◆ Task statement ◆
Your job here is to restate every record exactly, pictures excluded.

◆ Records provided ◆

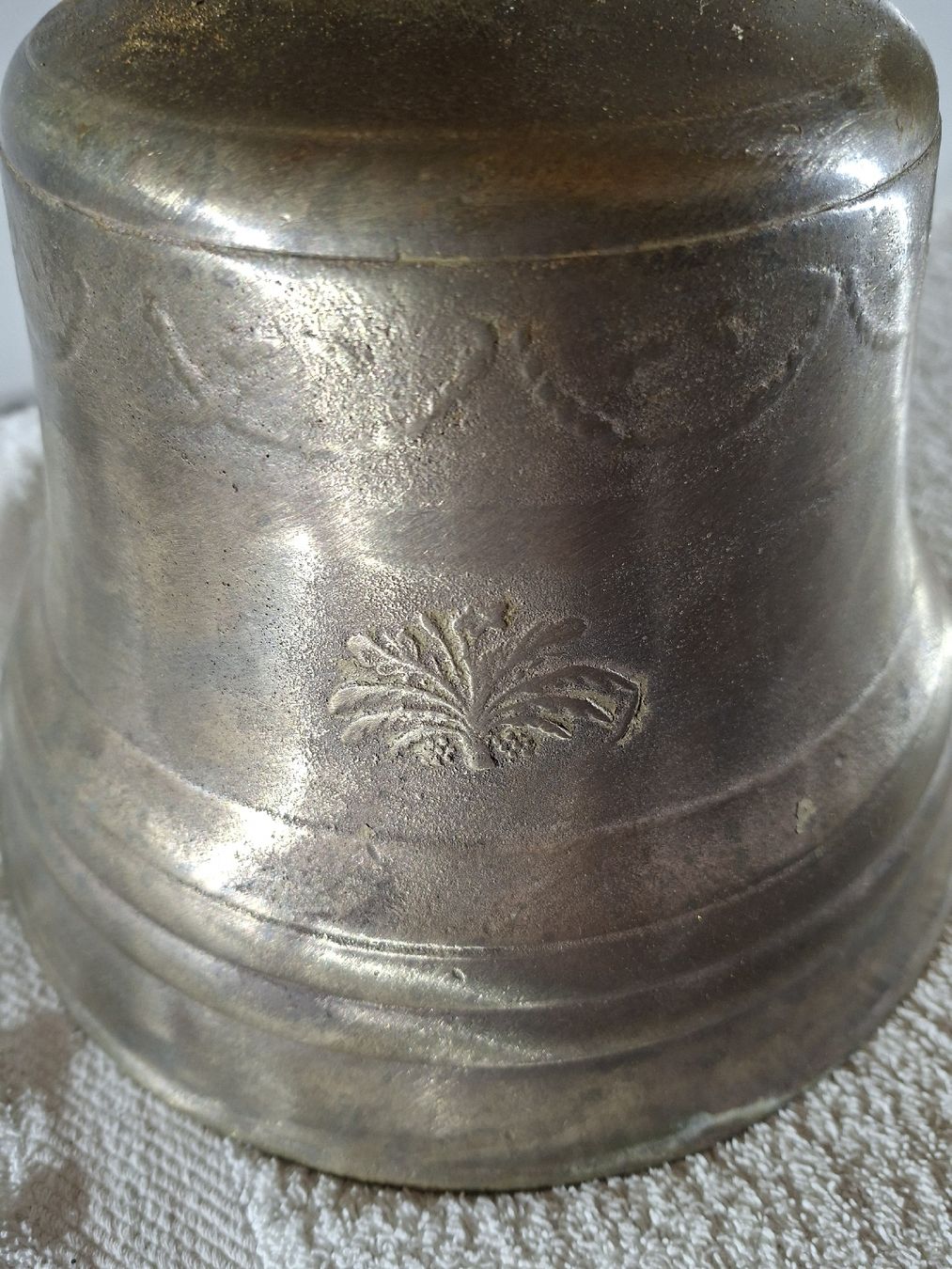 Campanacci mucche: Glocke Biaggi – Usato da Grindelwald venduto da carro5 3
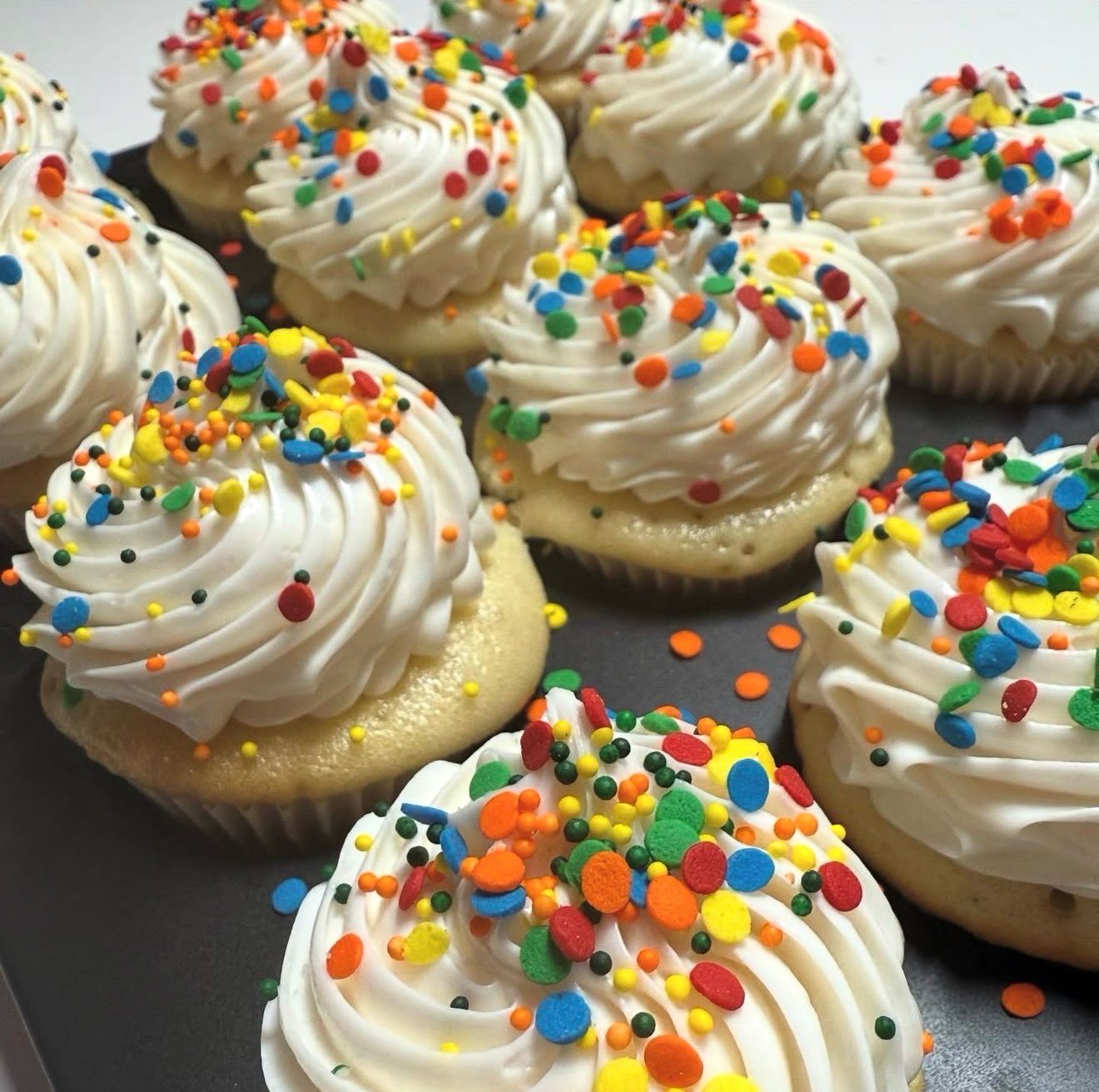 Classic Kupkakes 12ct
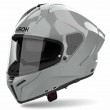 Airoh MATRYX Color Motorcycle Helmet - Cement Grey - Sale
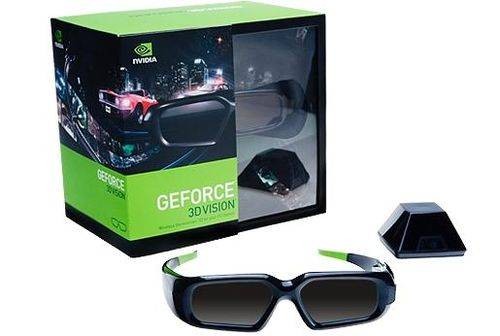 3D Vision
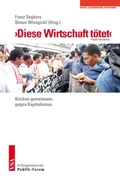 Cover: 'Diese Wirtschaft t&ouml;tet' - VSA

◆ Completed task ◆
 Campanacci mucche: Glocke Biaggi – Usato da Grindelwald venduto da carro5 3
 Classic Kupkakes 12ct
 Airoh MATRYX Color Motorcycle Helmet - Cement Grey - Sale
 3D Vision
 Cover: 'Diese Wirtschaft t&ouml;tet' - VSA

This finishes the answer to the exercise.